Iconico e scandalizzante, violento e giustificabile; disgustoso, fumettistico, plateale, innocente, enigma di furia e di giustizia; di volgare messa in scena della violenza e di problematizzazione del mondo.
Queste, tra le altre, le etichette incollabili al film del ‘94 Natural born killers, che parte da un soggetto di Quentin Tarantino e nelle mani di Oliver Stone diventa tutt’altro prodotto. Se infatti, come per il regista di Knoxville, vi è un gusto trash-splatter che si esemplifica in un divertissement di sorda violenza dal forte impatto estetico, allo stesso tempo, sotto la guida di Oliver Stone, gli assassini nati, Mickey ( Woody Harrelson) e Mallory (Juliette Lewis) escludono la goduria sadica dello spettatore in cerca di emozioni e ne danno un’immagine (della violenza) complessificata rispetto alle dinamiche interiori, ai traumi e all’appiattimento valoriale, di questi, della società americana e del mondo.
Natural born killers si snoda in maniera lineare sotto diversi livelli: è un road movie e una storia d’amore innanzitutto, una fuga ossessiva e delirante di due anime colte dal disagio di essere al mondo e vive nell’inerzia del dis-farsi del mondo, escludendolo, cancellandolo, letteralmente uccidendolo e santificandolo nell’amore vicendevole.
Ma Natural born killers è anche altro; è anche denuncia e grido. Indignazione rispetto alla deriva sordida dei media americani, colpevoli di cavalcare, mediante una grottesca spettacolarizzazione, gli aspetti abominevoli della contemporaneità. Così il giornalista Wayne Gale (interpretato con istrionica verve da Robert Donway Jr.) costruisce per uno spettatore zombie il suo teatro catodico dove, i due folli assassini, assurgono ad icone e stuzzicano le idee dei giovani, creando un’empatia dai risvolti macabri, una surreale connessione di deliri.
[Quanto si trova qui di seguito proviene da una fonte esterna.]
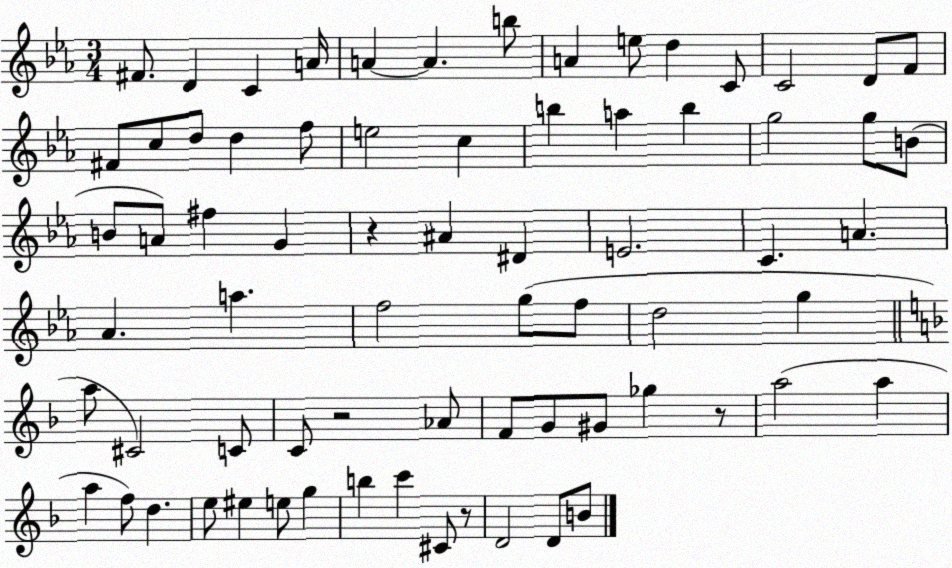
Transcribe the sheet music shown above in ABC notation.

X:1
T:Untitled
M:3/4
L:1/4
K:Eb
^F/2 D C A/4 A A b/2 A e/2 d C/2 C2 D/2 F/2 ^F/2 c/2 d/2 d f/2 e2 c b a b g2 g/2 B/2 B/2 A/2 ^f G z ^A ^D E2 C A _A a f2 g/2 f/2 d2 g a/2 ^C2 C/2 C/2 z2 _A/2 F/2 G/2 ^G/2 _g z/2 a2 a a f/2 d e/2 ^e e/2 g b c' ^C/2 z/2 D2 D/2 B/2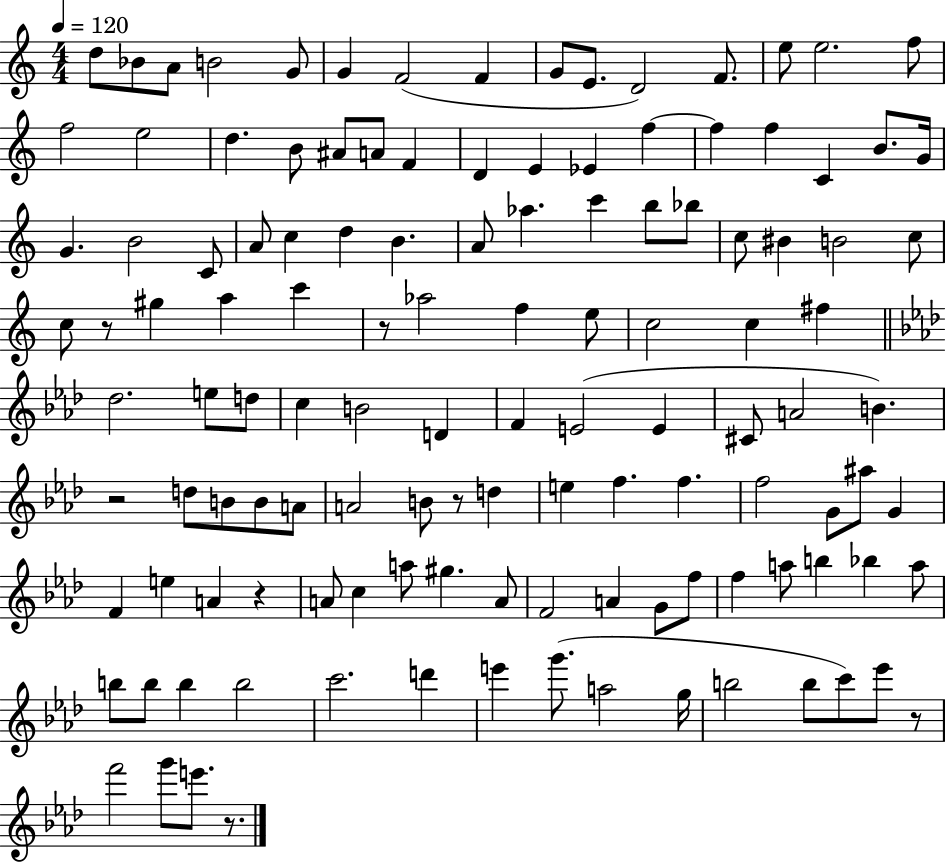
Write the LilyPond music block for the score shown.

{
  \clef treble
  \numericTimeSignature
  \time 4/4
  \key c \major
  \tempo 4 = 120
  d''8 bes'8 a'8 b'2 g'8 | g'4 f'2( f'4 | g'8 e'8. d'2) f'8. | e''8 e''2. f''8 | \break f''2 e''2 | d''4. b'8 ais'8 a'8 f'4 | d'4 e'4 ees'4 f''4~~ | f''4 f''4 c'4 b'8. g'16 | \break g'4. b'2 c'8 | a'8 c''4 d''4 b'4. | a'8 aes''4. c'''4 b''8 bes''8 | c''8 bis'4 b'2 c''8 | \break c''8 r8 gis''4 a''4 c'''4 | r8 aes''2 f''4 e''8 | c''2 c''4 fis''4 | \bar "||" \break \key aes \major des''2. e''8 d''8 | c''4 b'2 d'4 | f'4 e'2( e'4 | cis'8 a'2 b'4.) | \break r2 d''8 b'8 b'8 a'8 | a'2 b'8 r8 d''4 | e''4 f''4. f''4. | f''2 g'8 ais''8 g'4 | \break f'4 e''4 a'4 r4 | a'8 c''4 a''8 gis''4. a'8 | f'2 a'4 g'8 f''8 | f''4 a''8 b''4 bes''4 a''8 | \break b''8 b''8 b''4 b''2 | c'''2. d'''4 | e'''4 g'''8.( a''2 g''16 | b''2 b''8 c'''8) ees'''8 r8 | \break f'''2 g'''8 e'''8. r8. | \bar "|."
}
Questa visione lascia intendere il pieno potere da parte di Stone della materia filmica: egli ne fa un film politico e lo arricchisce di spunti registici al limite della sperimentazione: dalla Situation-commedy della gioventù di Mallory, alle esplorazioni tra il documentaristico, il visionario e il manga.
Ne viene fuori un buon film, oramai diventato un cult degli anni ‘90, ambizioso e divertito, con una coppia che, nel bene e nel male, resterà, probabilmente per tante generazioni a venire, nell’immaginario degli spettatori.